** Required action **
In the records below, repeat word for word only the lines starting at the one that contains "Baluue 200pcs Golden" and ending at the one that contains "Sport Fan Set", pictures excluded.

** Dataset content **

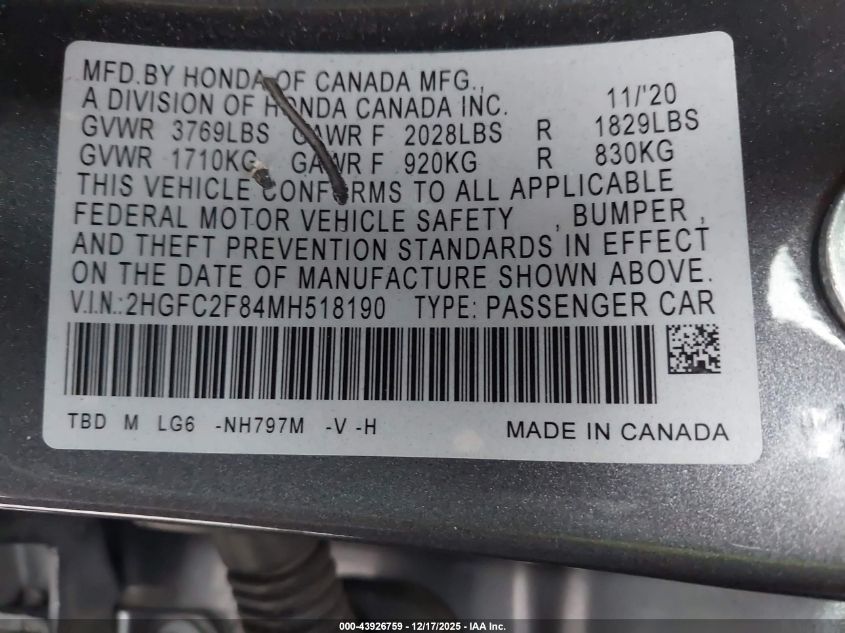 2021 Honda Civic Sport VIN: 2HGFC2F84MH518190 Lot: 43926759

* * *

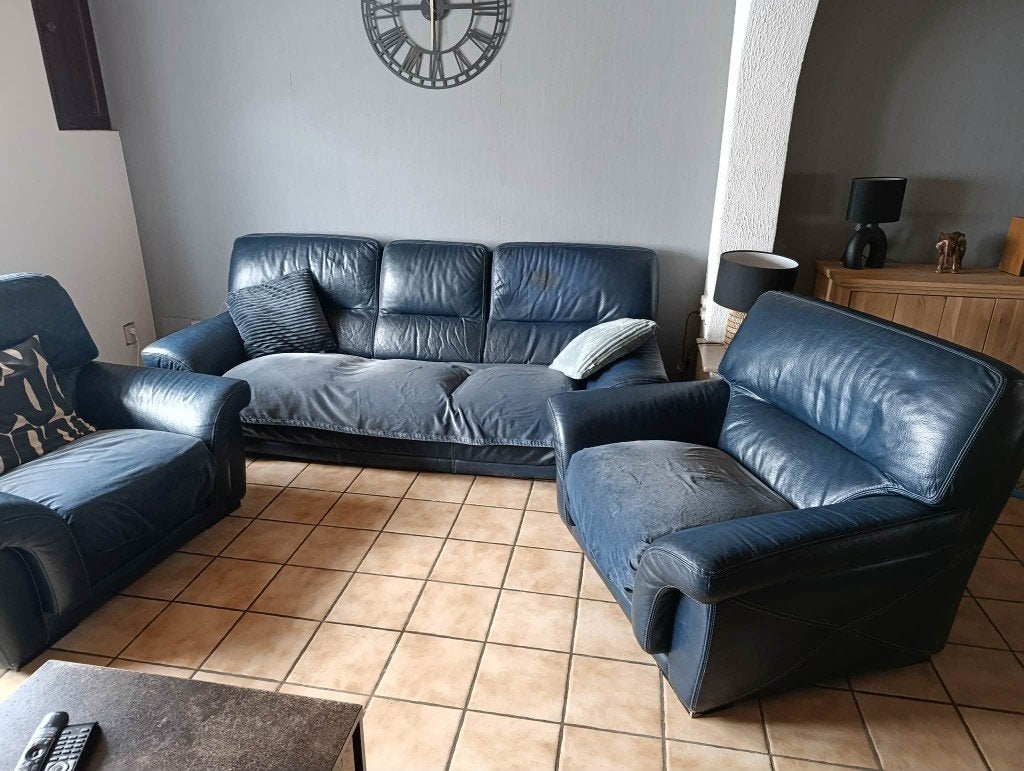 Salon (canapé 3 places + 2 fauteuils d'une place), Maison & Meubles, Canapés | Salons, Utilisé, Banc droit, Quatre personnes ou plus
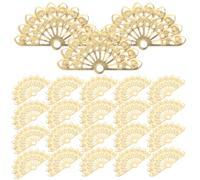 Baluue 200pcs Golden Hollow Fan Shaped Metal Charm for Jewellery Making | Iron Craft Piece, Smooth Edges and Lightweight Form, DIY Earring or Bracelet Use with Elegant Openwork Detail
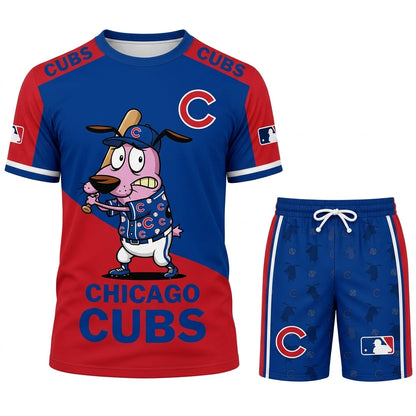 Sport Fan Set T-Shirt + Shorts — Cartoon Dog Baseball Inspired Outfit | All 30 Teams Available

** Task answer **
 Baluue 200pcs Golden Hollow Fan Shaped Metal Charm for Jewellery Making | Iron Craft Piece, Smooth Edges and Lightweight Form, DIY Earring or Bracelet Use with Elegant Openwork Detail
 Sport Fan Set T-Shirt + Shorts — Cartoon Dog Baseball Inspired Outfit | All 30 Teams Available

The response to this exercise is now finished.